Exactly as written, transcribe the data from its opening line through the line containing "LEGO Creator Music". Leave every picture out.

Brief descriptive captions:
----------
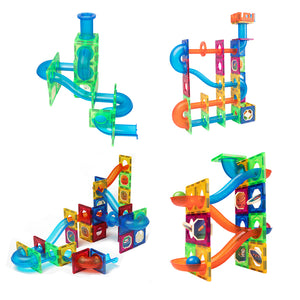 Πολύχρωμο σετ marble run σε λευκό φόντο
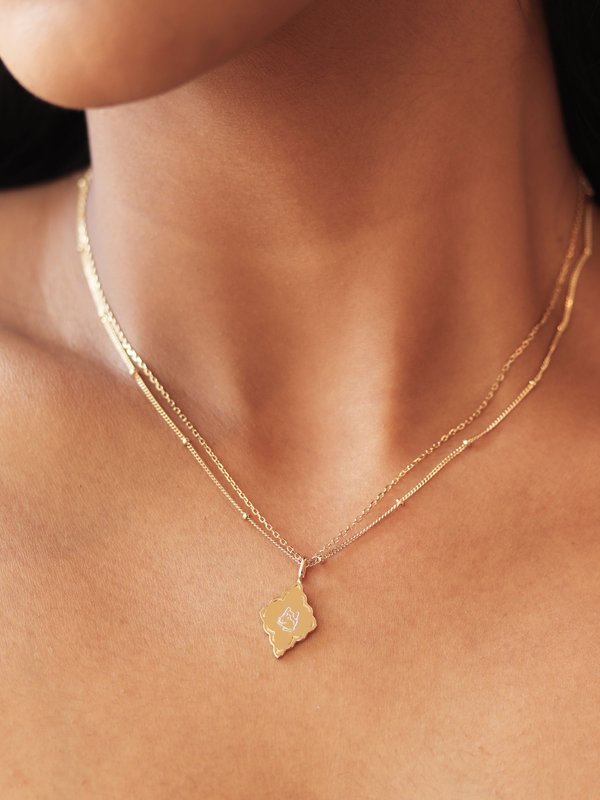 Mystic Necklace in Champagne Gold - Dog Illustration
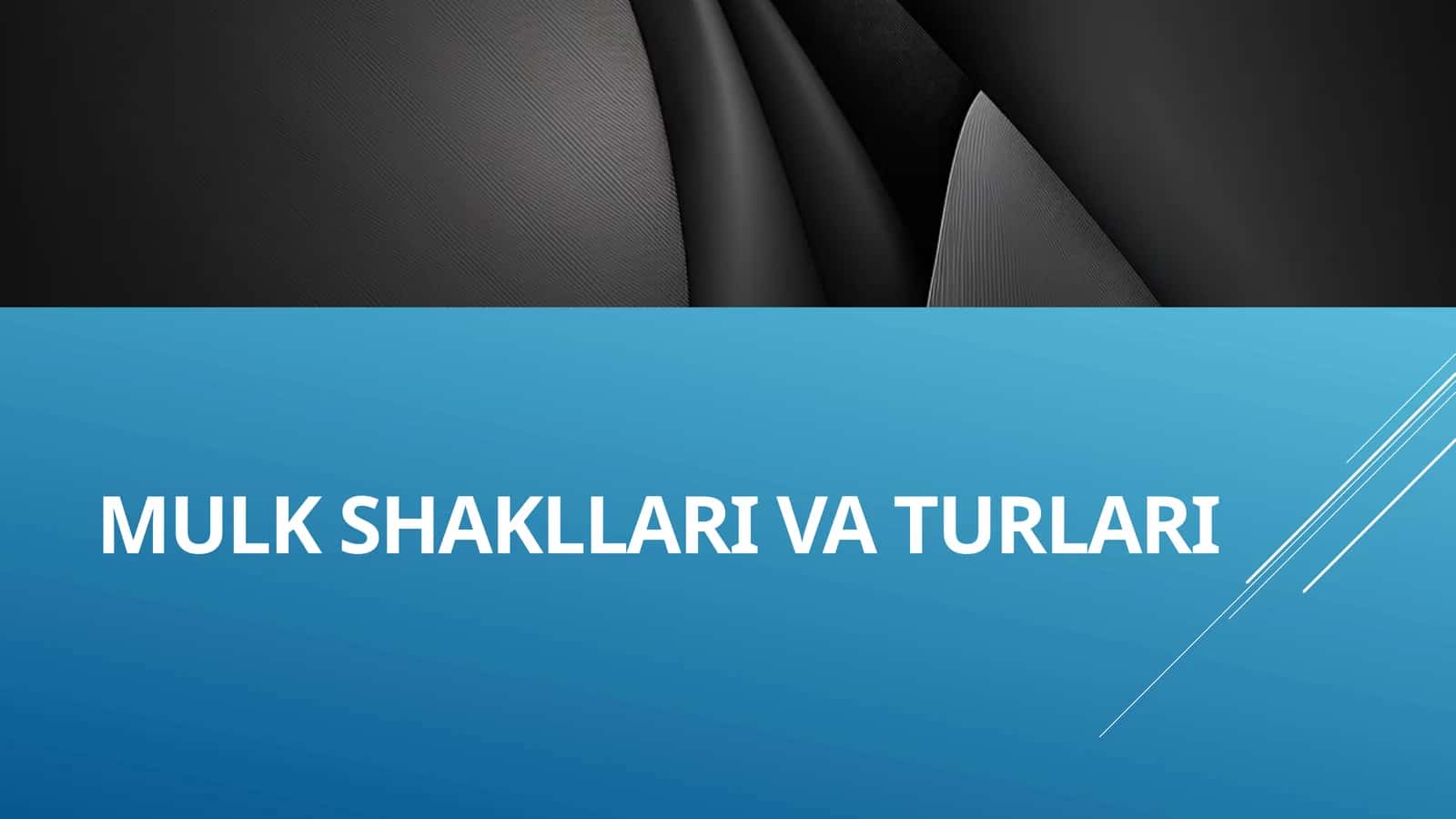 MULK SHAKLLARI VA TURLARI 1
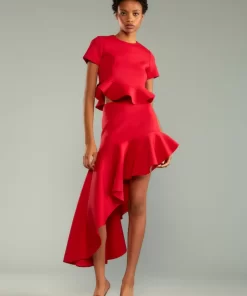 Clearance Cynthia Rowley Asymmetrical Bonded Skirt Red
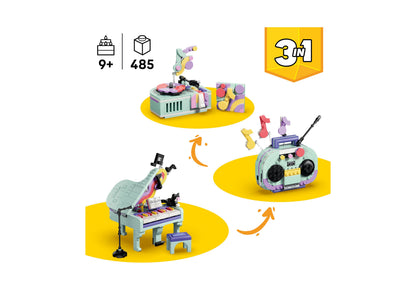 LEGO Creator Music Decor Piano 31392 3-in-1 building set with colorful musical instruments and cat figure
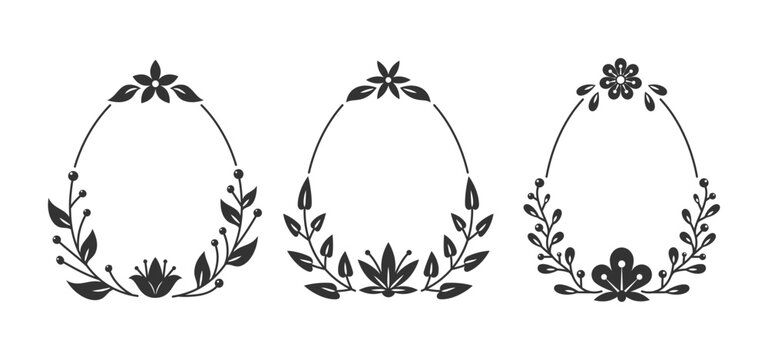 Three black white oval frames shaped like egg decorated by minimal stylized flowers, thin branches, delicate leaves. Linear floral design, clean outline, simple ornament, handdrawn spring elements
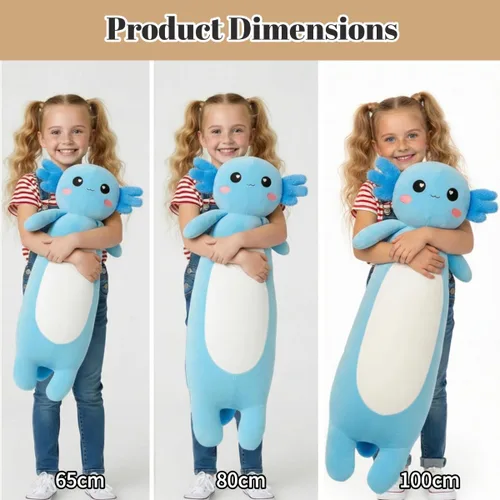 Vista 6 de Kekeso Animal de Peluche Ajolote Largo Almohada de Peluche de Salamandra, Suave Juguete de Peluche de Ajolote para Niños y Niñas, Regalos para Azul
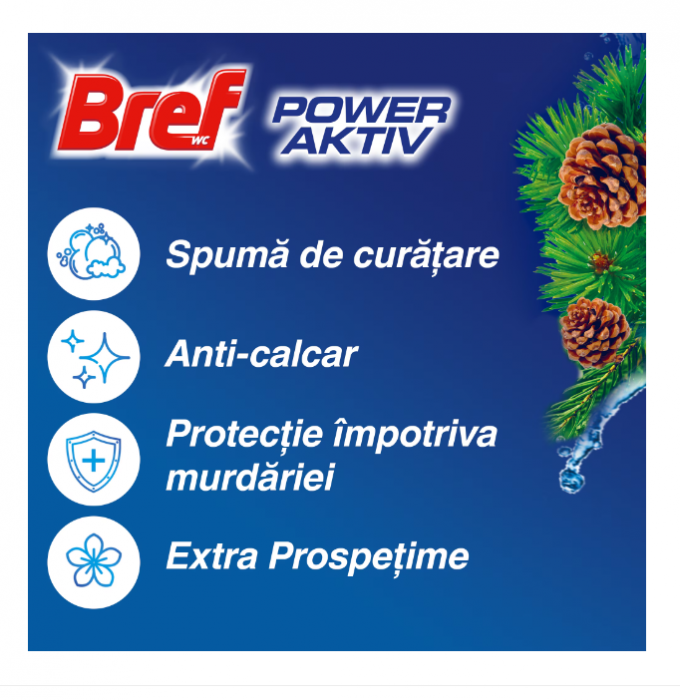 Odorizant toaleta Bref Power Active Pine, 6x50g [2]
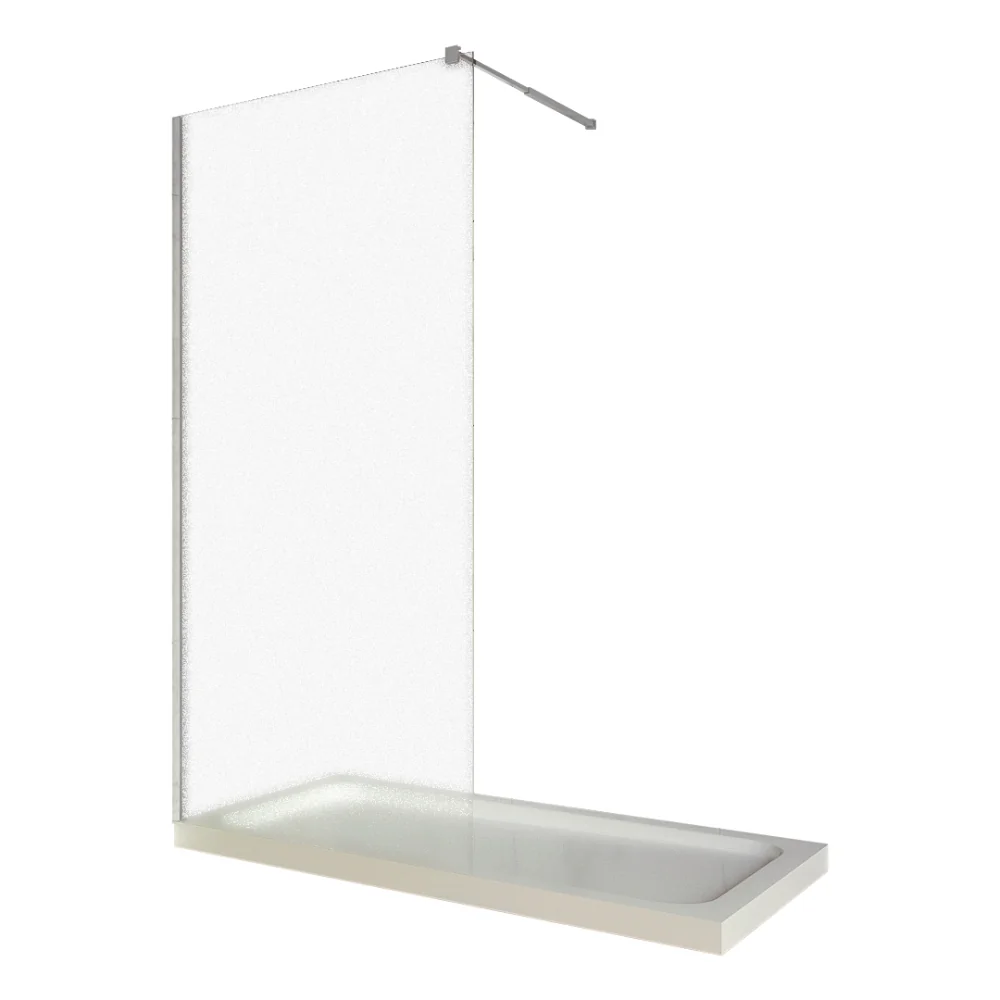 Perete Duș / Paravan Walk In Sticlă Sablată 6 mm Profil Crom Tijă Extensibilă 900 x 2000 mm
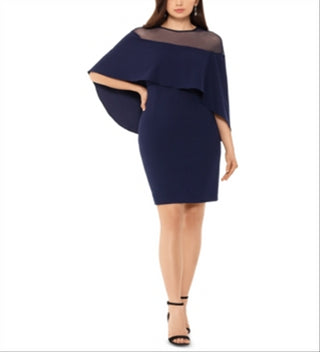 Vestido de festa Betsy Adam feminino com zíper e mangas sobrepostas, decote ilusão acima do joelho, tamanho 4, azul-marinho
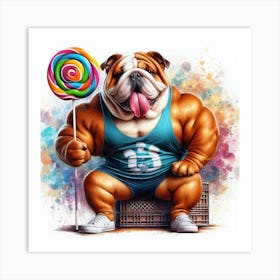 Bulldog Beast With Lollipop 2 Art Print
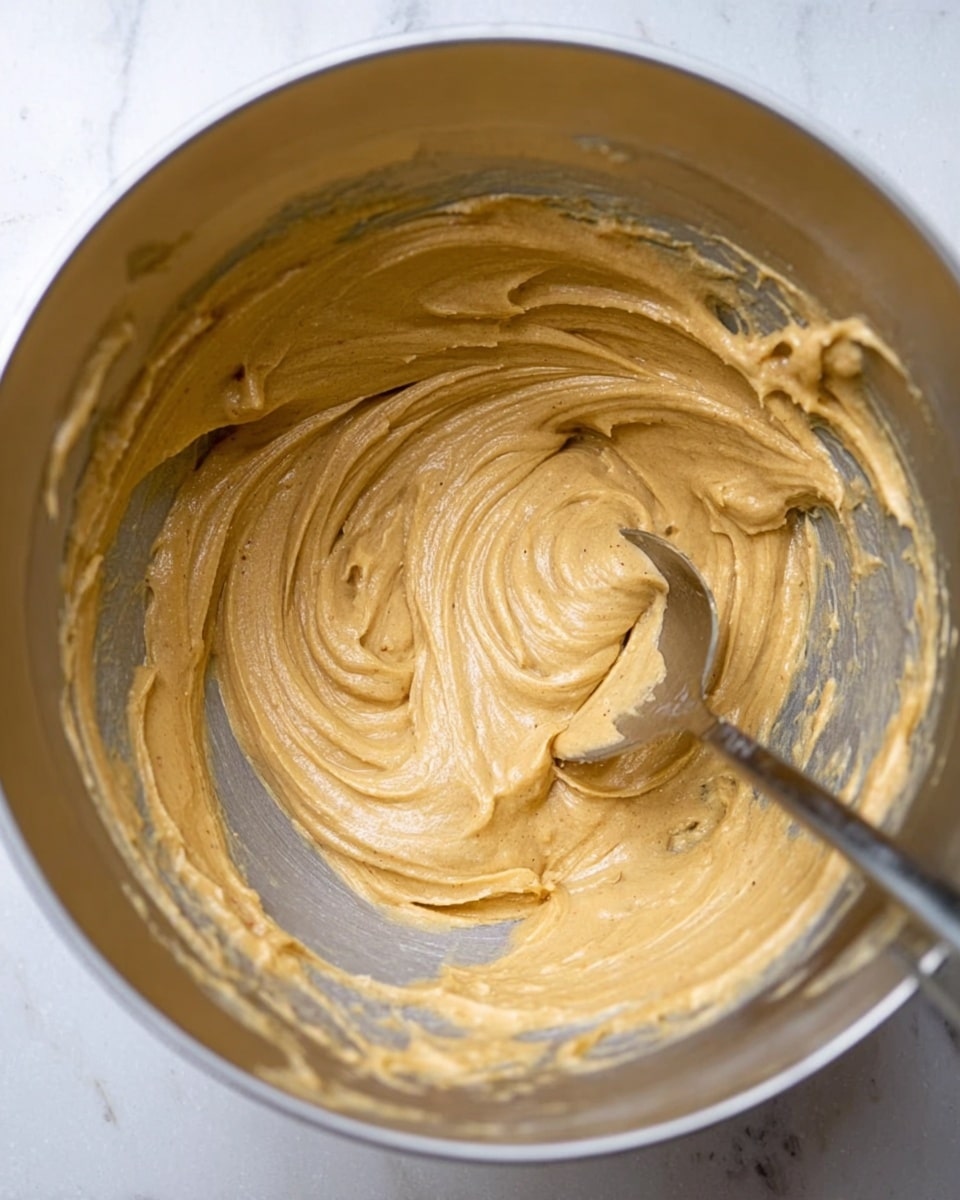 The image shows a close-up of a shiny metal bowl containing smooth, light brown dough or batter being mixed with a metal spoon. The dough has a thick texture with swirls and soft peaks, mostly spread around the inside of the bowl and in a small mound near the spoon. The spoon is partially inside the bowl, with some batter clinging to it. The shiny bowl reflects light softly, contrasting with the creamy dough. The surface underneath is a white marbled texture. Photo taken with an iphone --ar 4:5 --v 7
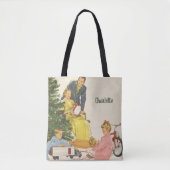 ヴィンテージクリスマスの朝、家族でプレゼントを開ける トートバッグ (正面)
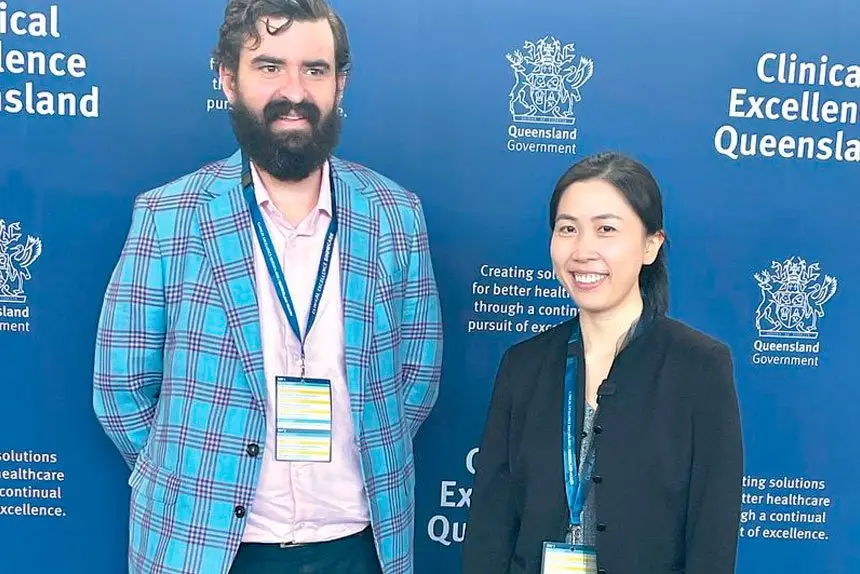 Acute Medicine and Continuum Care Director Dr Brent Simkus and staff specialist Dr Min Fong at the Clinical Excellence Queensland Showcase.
----------
Response for this exercise
 Πολύχρωμο σετ marble run σε λευκό φόντο
 Mystic Necklace in Champagne Gold - Dog Illustration
 MULK SHAKLLARI VA TURLARI 1
 Clearance Cynthia Rowley Asymmetrical Bonded Skirt Red
 LEGO Creator Music Decor Piano 31392 3-in-1 building set with colorful musical instruments and cat figure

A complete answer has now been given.